Content starts

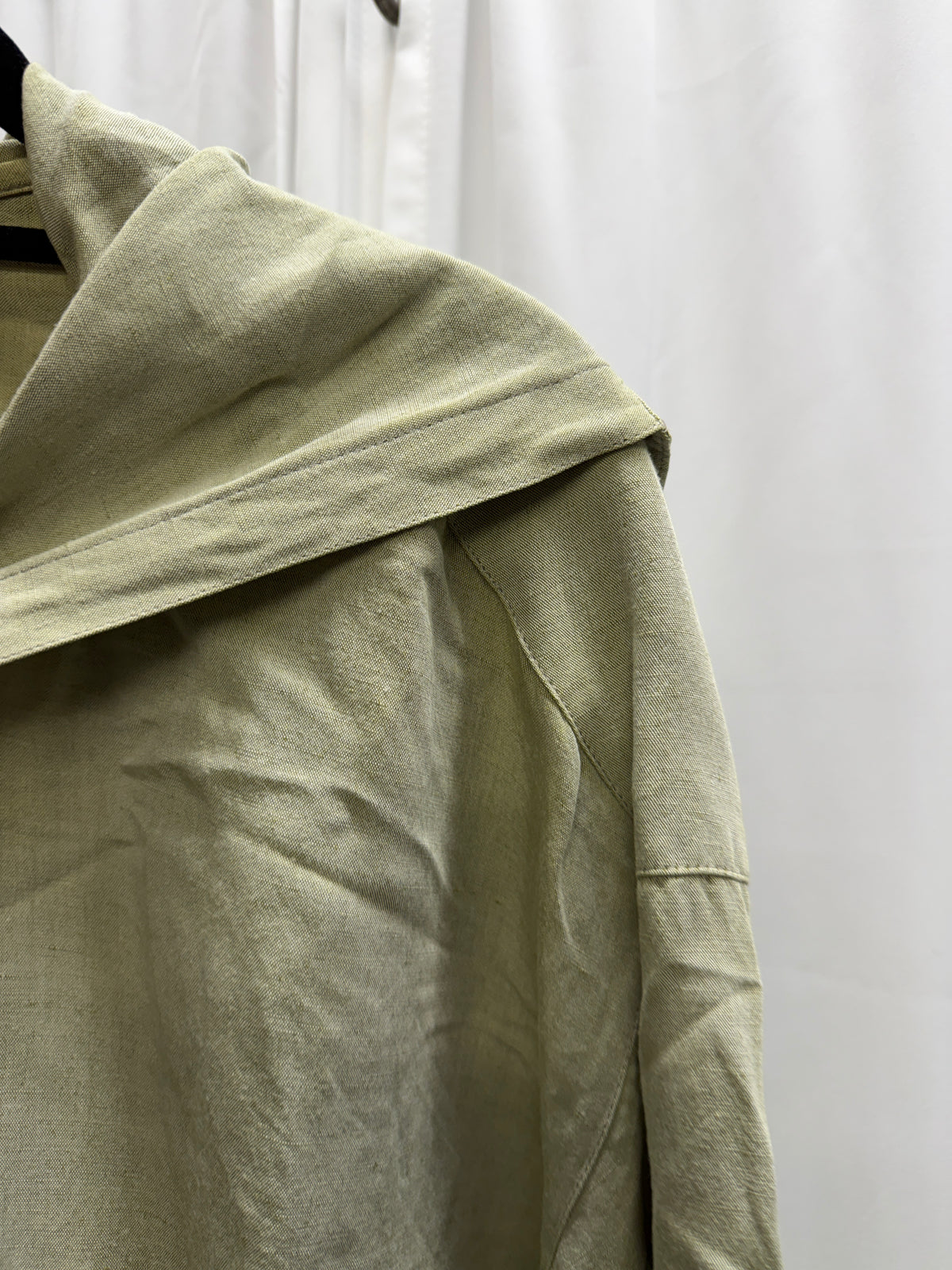 Dries Van Noten Early Pistachio Green Linen Adjustable Hooded Shirt (L)
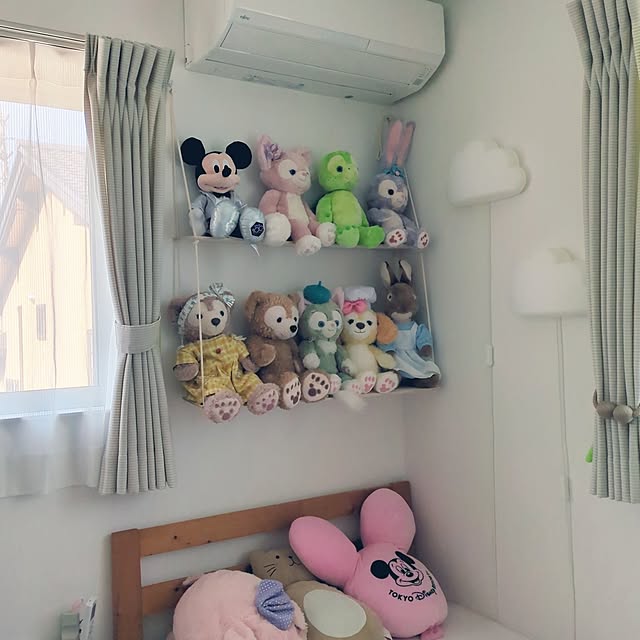 On Walls,DIY,ぬいぐるみ収納,ぬいぐるみブランコ,ぬいぐるみディスプレイ,子供部屋,子供部屋女の子,DIY好き,建売だけどオシャレハウスを目指します！,いつもいいねありがとうございます♡,ホームセンターの板 HELLO751の部屋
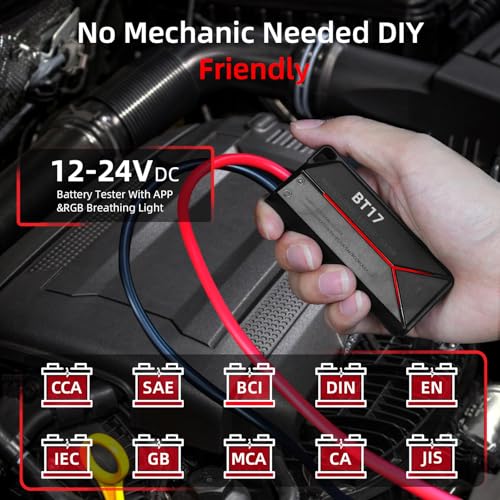 Professional 12V-24V Battery Tester, Precise Battery Testing, Internal Resistance/SOH/SOC, Wireless APP, 25 Languages, 12V-24V Batteries, CCA/DIN/EN/IEC/GB/SAE/BCI/MCA/CA/JIS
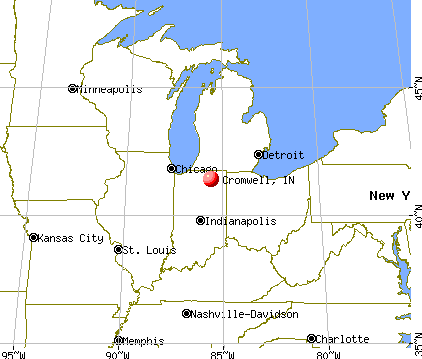 Cromwell, Indiana map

Content ends

• [PROBLEM DETAILS]: Everything in the data except the pictures should be restated word for word.

• [ANSWER BOX]:
 Dries Van Noten Early Pistachio Green Linen Adjustable Hooded Shirt (L)
 On Walls,DIY,ぬいぐるみ収納,ぬいぐるみブランコ,ぬいぐるみディスプレイ,子供部屋,子供部屋女の子,DIY好き,建売だけどオシャレハウスを目指します！,いつもいいねありがとうございます♡,ホームセンターの板 HELLO751の部屋
 Professional 12V-24V Battery Tester, Precise Battery Testing, Internal Resistance/SOH/SOC, Wireless APP, 25 Languages, 12V-24V Batteries, CCA/DIN/EN/IEC/GB/SAE/BCI/MCA/CA/JIS
 Cromwell, Indiana map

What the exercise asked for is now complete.